- [Directions for this task]
What lines of the data below hold "Floral"? Show them.

** Opening Listed entries block **

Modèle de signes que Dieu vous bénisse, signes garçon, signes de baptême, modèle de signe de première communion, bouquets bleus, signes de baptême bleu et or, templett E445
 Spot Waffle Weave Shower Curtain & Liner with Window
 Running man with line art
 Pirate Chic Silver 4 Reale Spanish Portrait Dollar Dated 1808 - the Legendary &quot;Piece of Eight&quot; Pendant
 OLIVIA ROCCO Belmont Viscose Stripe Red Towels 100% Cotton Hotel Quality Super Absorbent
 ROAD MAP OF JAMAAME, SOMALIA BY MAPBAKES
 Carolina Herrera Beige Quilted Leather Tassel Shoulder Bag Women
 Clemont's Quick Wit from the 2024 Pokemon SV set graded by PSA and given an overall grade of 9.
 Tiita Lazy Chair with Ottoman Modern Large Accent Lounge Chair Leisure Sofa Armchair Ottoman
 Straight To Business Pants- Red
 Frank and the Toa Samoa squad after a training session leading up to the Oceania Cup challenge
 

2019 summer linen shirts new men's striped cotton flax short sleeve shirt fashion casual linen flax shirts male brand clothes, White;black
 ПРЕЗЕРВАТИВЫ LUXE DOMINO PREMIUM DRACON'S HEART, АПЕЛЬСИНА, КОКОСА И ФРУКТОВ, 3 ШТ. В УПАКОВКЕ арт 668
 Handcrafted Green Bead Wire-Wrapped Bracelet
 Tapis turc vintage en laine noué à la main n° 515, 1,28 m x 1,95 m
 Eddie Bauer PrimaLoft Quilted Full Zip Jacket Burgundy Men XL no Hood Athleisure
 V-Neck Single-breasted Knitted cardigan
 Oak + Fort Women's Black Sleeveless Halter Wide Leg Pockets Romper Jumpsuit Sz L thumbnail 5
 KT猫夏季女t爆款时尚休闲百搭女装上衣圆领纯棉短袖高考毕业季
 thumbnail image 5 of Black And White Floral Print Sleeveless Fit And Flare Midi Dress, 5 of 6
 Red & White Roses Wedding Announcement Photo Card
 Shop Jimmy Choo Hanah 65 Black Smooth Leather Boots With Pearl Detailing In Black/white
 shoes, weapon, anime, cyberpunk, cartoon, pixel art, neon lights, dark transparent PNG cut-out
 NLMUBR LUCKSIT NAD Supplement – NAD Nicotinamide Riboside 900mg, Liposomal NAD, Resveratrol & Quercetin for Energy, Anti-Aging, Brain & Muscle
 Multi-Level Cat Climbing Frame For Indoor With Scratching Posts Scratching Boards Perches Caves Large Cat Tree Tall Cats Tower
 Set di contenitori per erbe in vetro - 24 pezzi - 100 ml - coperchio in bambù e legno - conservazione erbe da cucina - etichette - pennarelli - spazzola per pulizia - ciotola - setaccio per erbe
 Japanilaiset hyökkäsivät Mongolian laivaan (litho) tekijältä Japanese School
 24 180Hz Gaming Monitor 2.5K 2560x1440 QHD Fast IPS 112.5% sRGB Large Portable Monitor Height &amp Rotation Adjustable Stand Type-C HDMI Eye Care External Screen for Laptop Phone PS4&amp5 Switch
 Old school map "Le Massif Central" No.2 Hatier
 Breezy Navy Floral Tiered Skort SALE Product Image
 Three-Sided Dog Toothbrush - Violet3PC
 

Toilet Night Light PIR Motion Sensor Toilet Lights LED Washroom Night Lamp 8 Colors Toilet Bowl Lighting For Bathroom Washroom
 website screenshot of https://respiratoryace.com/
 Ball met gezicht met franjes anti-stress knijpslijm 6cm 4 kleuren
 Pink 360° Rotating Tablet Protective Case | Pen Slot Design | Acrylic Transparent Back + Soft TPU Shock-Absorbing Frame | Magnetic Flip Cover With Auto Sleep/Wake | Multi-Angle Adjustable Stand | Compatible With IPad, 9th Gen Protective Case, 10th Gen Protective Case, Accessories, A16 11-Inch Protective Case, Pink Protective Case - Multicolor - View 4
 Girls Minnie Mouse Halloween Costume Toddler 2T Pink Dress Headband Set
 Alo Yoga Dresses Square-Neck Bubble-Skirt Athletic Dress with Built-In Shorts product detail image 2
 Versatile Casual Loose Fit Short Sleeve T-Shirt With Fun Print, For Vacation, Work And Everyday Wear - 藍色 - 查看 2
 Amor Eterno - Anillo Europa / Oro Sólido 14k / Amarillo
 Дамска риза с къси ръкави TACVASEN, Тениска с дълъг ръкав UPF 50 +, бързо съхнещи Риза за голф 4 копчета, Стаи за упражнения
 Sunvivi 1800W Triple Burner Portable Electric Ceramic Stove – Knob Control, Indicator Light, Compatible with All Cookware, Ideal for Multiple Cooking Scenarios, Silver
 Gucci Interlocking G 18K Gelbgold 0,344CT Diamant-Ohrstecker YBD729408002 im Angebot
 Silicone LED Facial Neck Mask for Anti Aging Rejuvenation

** Closing Listed entries block **

- [Written response]
 thumbnail image 5 of Black And White Floral Print Sleeveless Fit And Flare Midi Dress, 5 of 6
 Breezy Navy Floral Tiered Skort SALE Product Image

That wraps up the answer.